Re: Beam application upgrade on Flink crashes

2018-08-22 Thread Jozef Vilcek
Hm, I am sorry to hear this. I must of missed it in docs, that beam version
upgrades can break flink state. It is important information for ones
wanting to use Beam on Flink in production.

So, I guess there is no guarantee for another bump of Flink version to not
break things until it reach 1.7.
Event then, thinks can break maybe? Is there a plan making Flink runner
more robust and catch compatibility issues early by tests?

Just trying to figure out my options with upgrades. Does other runners
suffer the same weak guarantees?


On Tue, Aug 21, 2018 at 9:25 PM Stephan Ewen  wrote:

> Flink 1.7 will change the way the "restore serializer" is handled, which
> should make it much easier to handle such cases.
> Especially breaking java class version format will not be an issue anymore.
>
> That should help to make it easier to give the Beam-on-Flink runner cross
> version compatibility.
>
>
> On Mon, Aug 20, 2018 at 6:46 PM, Maximilian Michels 
> wrote:
>
>> AFAIK the serializer used here is the CoderTypeSerializer which may not
>> be recoverable because of changes to the contained Coder
>> (TaggedKvCoder). It doesn't currently have a serialVersionUID, so even
>> small changes could break serialization backwards-compatibility.
>>
>> As of now Beam doesn't offer the same upgrade guarantees as Flink [1].
>> This should be improved for the next release.
>>
>> Thanks,
>> Max
>>
>> [1]
>>
>> https://ci.apache.org/projects/flink/flink-docs-stable/ops/upgrading.html#compatibility-table
>>
>> On 20.08.18 17:46, Stephan Ewen wrote:
>> > Hi Jozef!
>> >
>> > When restoring state, the serializer that created the state must still
>> > be available, so the state can be read.
>> > It looks like some serializer classes were removed between Beam versions
>> > (or changed in an incompatible manner).
>> >
>> > Backwards compatibility of an operator implementation needs cooperation
>> > from the operator.

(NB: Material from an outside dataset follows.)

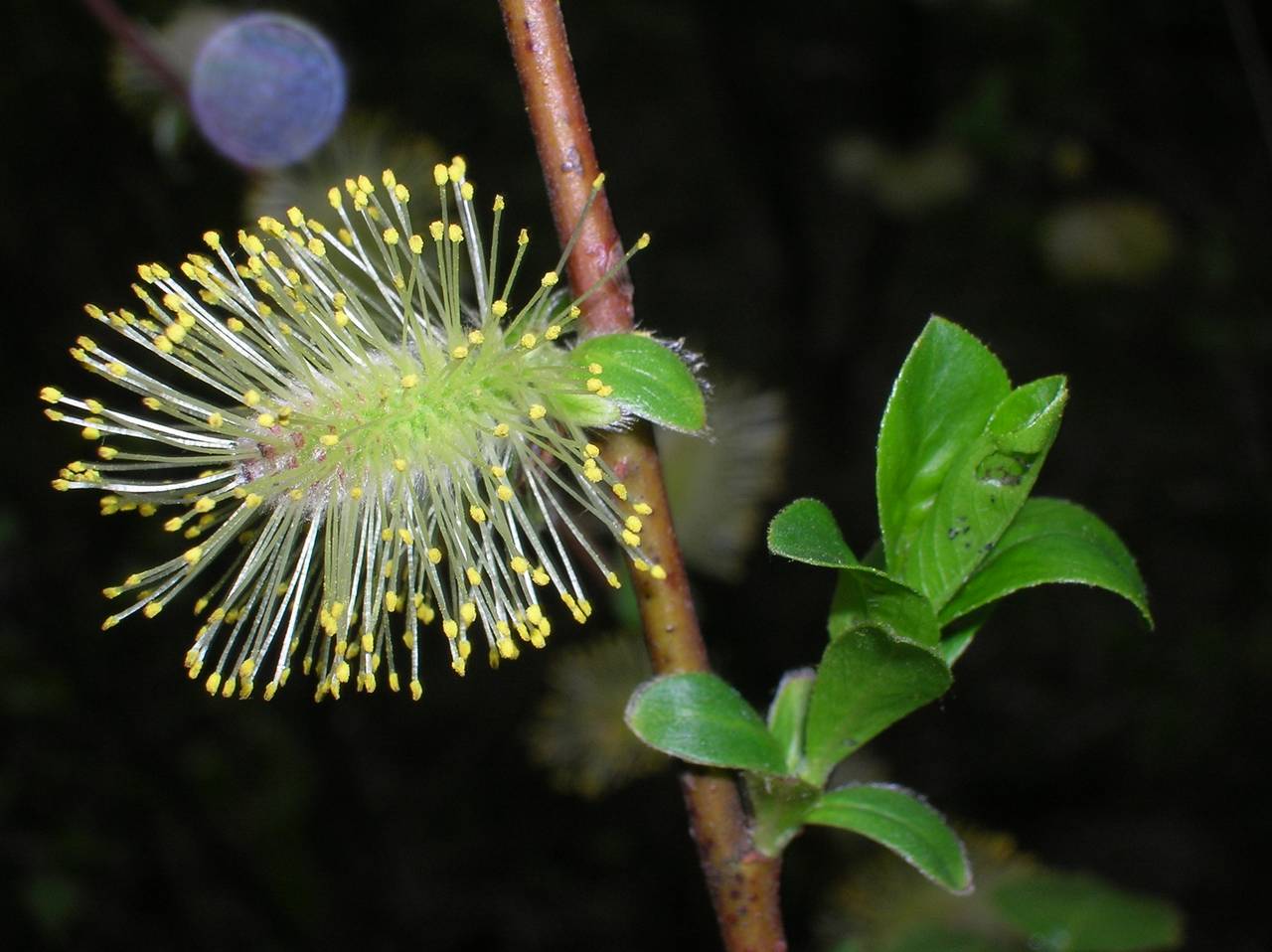 Ива чернеющая. Ива мирзинолистная. Ива ушастая (Salix Aurita l.). Salix myrsinifolia. Ива чернеющая Кольская.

Withing Flink itself, when we change the way an
>> > operator uses state, we keep the old codepath and classes in a
>> > "backwards compatibility restore" that takes the old state and brings it
>> > into the shape of the new state.
>> >
>> > I am not deeply into the of how Beam and the Flink runner implement
>> > their use of state, but it looks this part is not present, which could
>> > mean that savepoints taken from Beam applications are not backwards
>> > compatible.
>> >
>> >
>> > On Mon, Aug 20, 2018 at 4:03 PM, Jozef Vilcek > > > wrote:
>> >
>> > Hello,
>> >
>> > I am attempting to upgrade  Beam app from 2.5.0 running on Flink
>> > 1.4.0 to Beam 2.6.0 running on Flink 1.5.0. I am not aware of any
>> > state migration changes needed for Flink 1.4.0 -> 1.5.0 so I am just
>> > starting a new App with updated libs from Flink save-point captured
>> > by previous version of the app.
>> >
>> > There is not change in topology. Job is accepted without error to
>> > the new cluster which suggests that all operators are matched with
>> > state based on IDs. However, app runs only few seccons and then
>> > crash with:
>> >
>> > java.lang.Exception: Exception while creating
>> StreamOperatorStateContext.
>> >   at
>> org.apache.flink.streaming.api.operators.StreamTaskStateInitializerImpl.streamOperatorStateContext(StreamTaskStateInitializerImpl.java:191)
>> >   at
>> org.apache.flink.streaming.api.operators.AbstractStreamOperator.initializeState(AbstractStreamOperator.java:227)
>> >   at
>> org.apache.flink.streaming.runtime.tasks.StreamTask.initializeState(StreamTask.java:730)
>> >   at
>> org.apache.flink.streaming.runtime.tasks.StreamTask.invoke(StreamTask.java:295)
>> >   at org.apache.flink.runtime.taskmanager.Task.run(Task.java:703)
>> >   at java.lang.Thread.run(Thread.java:745)
>> > Caused by: org.apache.flink.util.FlinkException: Could not restore
>> operator state backend for
>> DoFnOperator_43996aa2908fa46bb50160f751f8cc09_(1/100) from any of the 1
>> provided restore options.
>> >   at
>> org.apache.flink.streaming.api.operators.BackendRestorerProcedure.createAndRestore(BackendRestorerProcedure.java:137)
>> >   at
>> org.apache.flink.streaming.api.operators.StreamTaskStateInitializerImpl.operatorStateBackend(StreamTaskStateInitializerImpl.java:240)
>> >   at
>> org.apache.flink.streaming.api.operators.StreamTaskStateInitializerImpl.streamOperatorStateContext(StreamTaskStateInitializerImpl.java:139)
>> >   ... 5 more
>> > Caused by: java.io.IOException: Unable to restore operator state
>> [bundle-buffer-tag]. The previous serializer of the operator state must be
>> present; the serializer could have been removed from the classpath, or its
>> implementation have changed and could not be loaded. This is a temporary
>> restriction that will be fixed in future versions.
>> >   at
>> org.apache.flink.runtime.state.DefaultOperatorStateBackend.restore(DefaultOperatorStateBackend.java:514)
>> >   at
>> 

Re: [DISCUSS] Performance of write() in file based IO

2018-08-22 Thread Robert Bradshaw
I agree that this is concerning. Some of the complexity may have also
been introduced to accommodate writing files in Streaming mode, but it
seems we should be able to execute this as a single Map operation.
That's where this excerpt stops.